### [Exercise aim]
Repeat the material below exactly, line for line.

### [Provided data]

————

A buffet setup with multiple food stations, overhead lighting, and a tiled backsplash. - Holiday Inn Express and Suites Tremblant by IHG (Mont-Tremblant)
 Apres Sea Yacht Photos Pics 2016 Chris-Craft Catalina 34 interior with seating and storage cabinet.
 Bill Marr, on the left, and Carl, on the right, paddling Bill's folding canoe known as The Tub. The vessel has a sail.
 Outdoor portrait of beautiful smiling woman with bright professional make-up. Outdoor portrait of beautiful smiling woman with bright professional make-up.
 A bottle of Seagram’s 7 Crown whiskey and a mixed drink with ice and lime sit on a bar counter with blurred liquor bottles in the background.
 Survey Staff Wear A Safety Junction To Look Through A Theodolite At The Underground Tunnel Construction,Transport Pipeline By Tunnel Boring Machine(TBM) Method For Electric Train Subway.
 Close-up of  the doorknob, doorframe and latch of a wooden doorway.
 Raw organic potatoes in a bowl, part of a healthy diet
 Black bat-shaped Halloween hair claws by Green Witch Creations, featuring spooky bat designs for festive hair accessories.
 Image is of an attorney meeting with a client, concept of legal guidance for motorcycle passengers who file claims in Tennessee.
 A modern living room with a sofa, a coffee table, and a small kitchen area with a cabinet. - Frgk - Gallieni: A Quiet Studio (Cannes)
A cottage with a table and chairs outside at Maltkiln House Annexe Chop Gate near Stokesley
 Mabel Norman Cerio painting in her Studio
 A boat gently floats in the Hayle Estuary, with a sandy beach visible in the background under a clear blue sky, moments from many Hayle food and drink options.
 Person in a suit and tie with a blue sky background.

————

### [Finished task]
A buffet setup with multiple food stations, overhead lighting, and a tiled backsplash. - Holiday Inn Express and Suites Tremblant by IHG (Mont-Tremblant)
 Apres Sea Yacht Photos Pics 2016 Chris-Craft Catalina 34 interior with seating and storage cabinet.
 Bill Marr, on the left, and Carl, on the right, paddling Bill's folding canoe known as The Tub. The vessel has a sail.
 Outdoor portrait of beautiful smiling woman with bright professional make-up. Outdoor portrait of beautiful smiling woman with bright professional make-up.
 A bottle of Seagram’s 7 Crown whiskey and a mixed drink with ice and lime sit on a bar counter with blurred liquor bottles in the background.
 Survey Staff Wear A Safety Junction To Look Through A Theodolite At The Underground Tunnel Construction,Transport Pipeline By Tunnel Boring Machine(TBM) Method For Electric Train Subway.
 Close-up of  the doorknob, doorframe and latch of a wooden doorway.
 Raw organic potatoes in a bowl, part of a healthy diet
 Black bat-shaped Halloween hair claws by Green Witch Creations, featuring spooky bat designs for festive hair accessories.
 Image is of an attorney meeting with a client, concept of legal guidance for motorcycle passengers who file claims in Tennessee.
 A modern living room with a sofa, a coffee table, and a small kitchen area with a cabinet. - Frgk - Gallieni: A Quiet Studio (Cannes)
A cottage with a table and chairs outside at Maltkiln House Annexe Chop Gate near Stokesley
 Mabel Norman Cerio painting in her Studio
 A boat gently floats in the Hayle Estuary, with a sandy beach visible in the background under a clear blue sky, moments from many Hayle food and drink options.
 Person in a suit and tie with a blue sky background.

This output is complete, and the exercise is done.